国土交通省などの検討会は8月26日、日本海で今後予測される大地震の規模や、津波高に関する推計データを公表しました。マグニチュード(M)6・8〜7・9の活断層型の地震を予想。M8・7〜9・1と想定される南海トラフ沿いなどの太平洋側の海溝型巨大地震の規模よりも小さいものの、北海道せたな町海岸線の23・4メートルを最大に、道や東北の一部などで15メートル以上の津波が起こると予測しました。
国が日本海の地震の規模や津波高などを想定するのは初めてです。
東日本大震災を契機に制定された津波防災地域づくり法では、津波対策を効果的に進めるため、沿岸部都道府県は最大級の津波で浸水が予想される区域や、その場合の水深を示す「津波浸水想定」を設定することとなっています。しかし、日本海側については、根拠となる国のデータがなかったため、浸水想定はまだ行われていませんでした。

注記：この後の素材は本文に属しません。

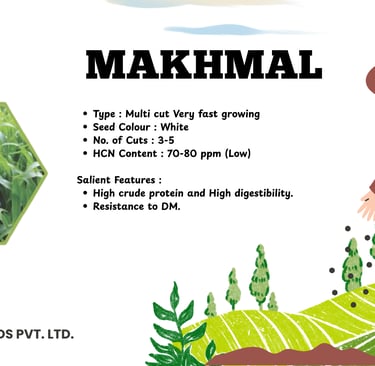 Makhmal multi-cut fodder seeds by Kavya Seeds with high crude protein and digestibility features.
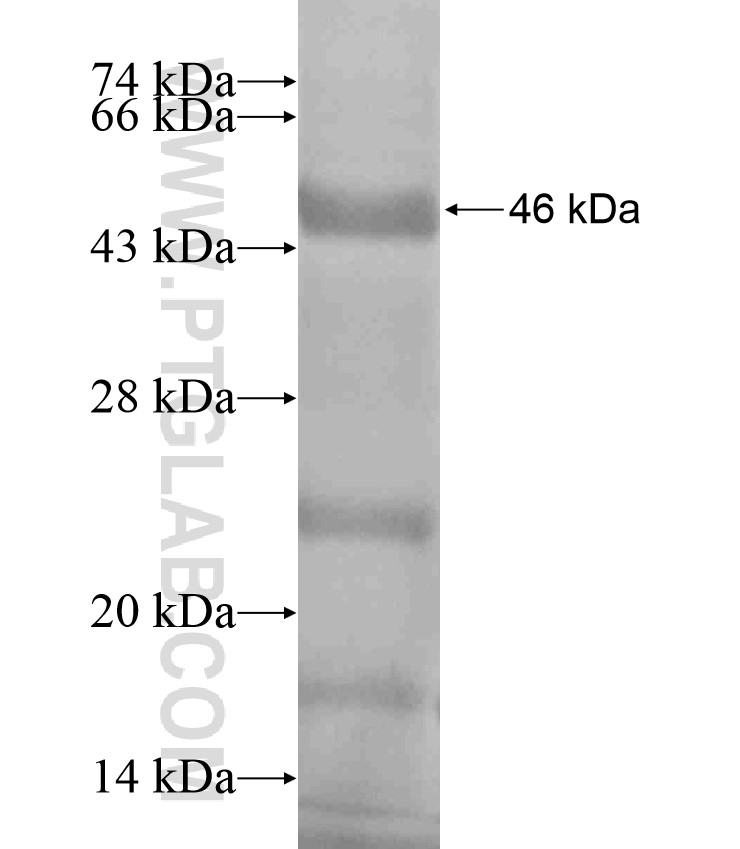 UROC1 fusion protein Ag18143 SDS-PAGE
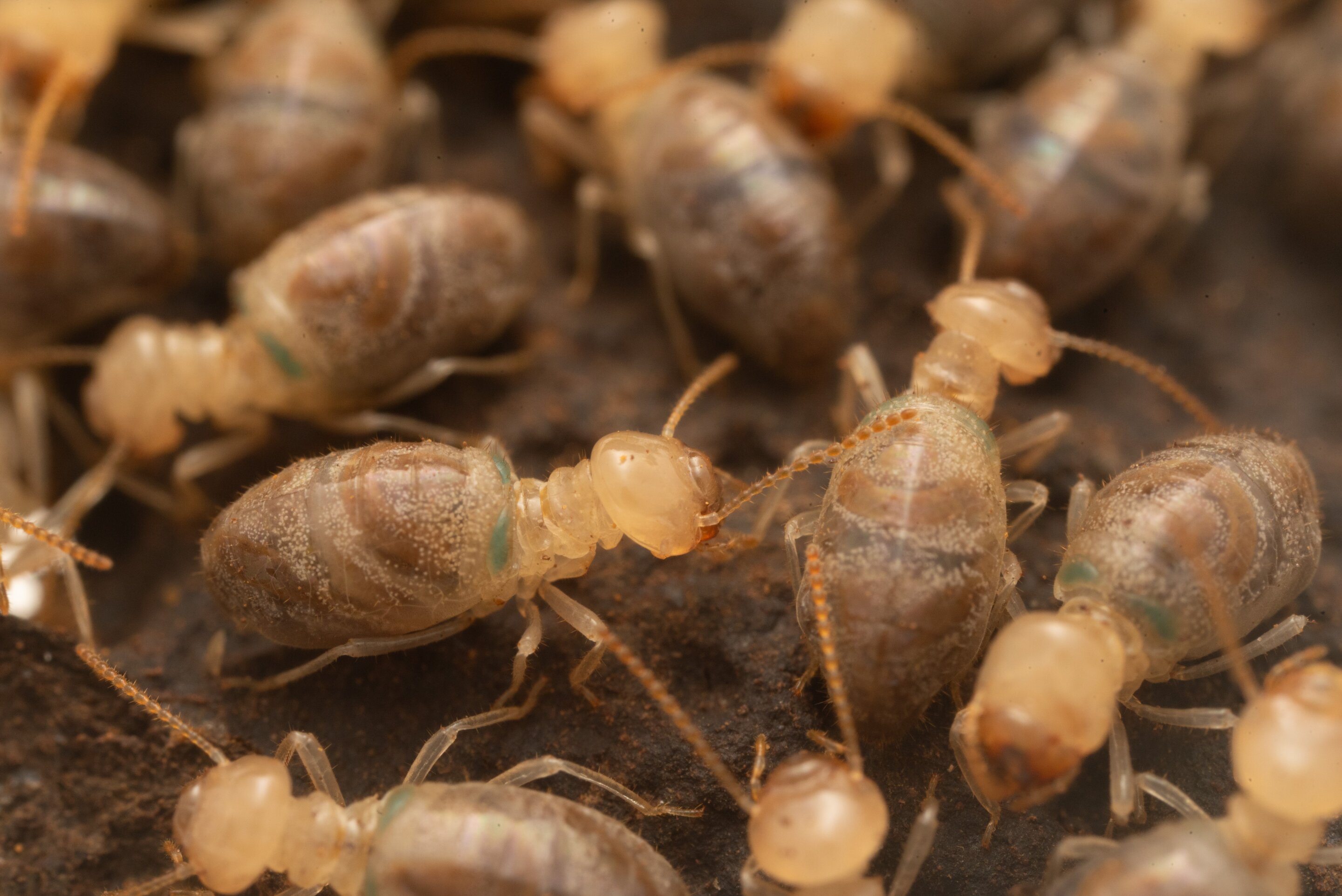 Kamikaze termites protect their colony with the help of a special enzyme whose secrets have now been uncovered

検討会は最大級の津波を起こすとみられる日本海側の60断層を設定。北海道知床半島の羅臼町から長崎県平戸市まで計173市町村が並ぶオホーツク海、日本海などの沿岸を50メートル四方に分割して津波高を算出し、最大23・4メートルと推計しました。
海岸線では津波が高いものの、人家は少ないため、生活圏での影響をみる目的で、海岸線から陸側に約200メートル以内の平地の津波高も推計。北海道奥尻町の12・4メートルを最大に、高いところでおおむね3〜12メートルの津波が来ると予測しました。

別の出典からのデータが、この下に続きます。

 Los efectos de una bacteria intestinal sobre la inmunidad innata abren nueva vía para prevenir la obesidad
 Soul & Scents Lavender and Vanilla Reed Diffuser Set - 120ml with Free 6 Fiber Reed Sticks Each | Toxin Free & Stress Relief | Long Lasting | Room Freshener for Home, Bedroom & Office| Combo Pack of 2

今後、関係道府県はこのデータを基に、より詳細な予測津波高を算出し、浸水想定の設定を進めます。なお、M9・0を観測した東日本大震災では、気象庁の調査によると、大きなところでは岩手県大船渡市に11・8メートルの津波が到達しました。
原発付近の津波想定では、検討会の数値は特定の断層が動いた場合の算定で、原子力規制委員会が審査で求めている海底火山の噴火や海底地滑りの発生は考慮していないため、低く算出される傾向があります。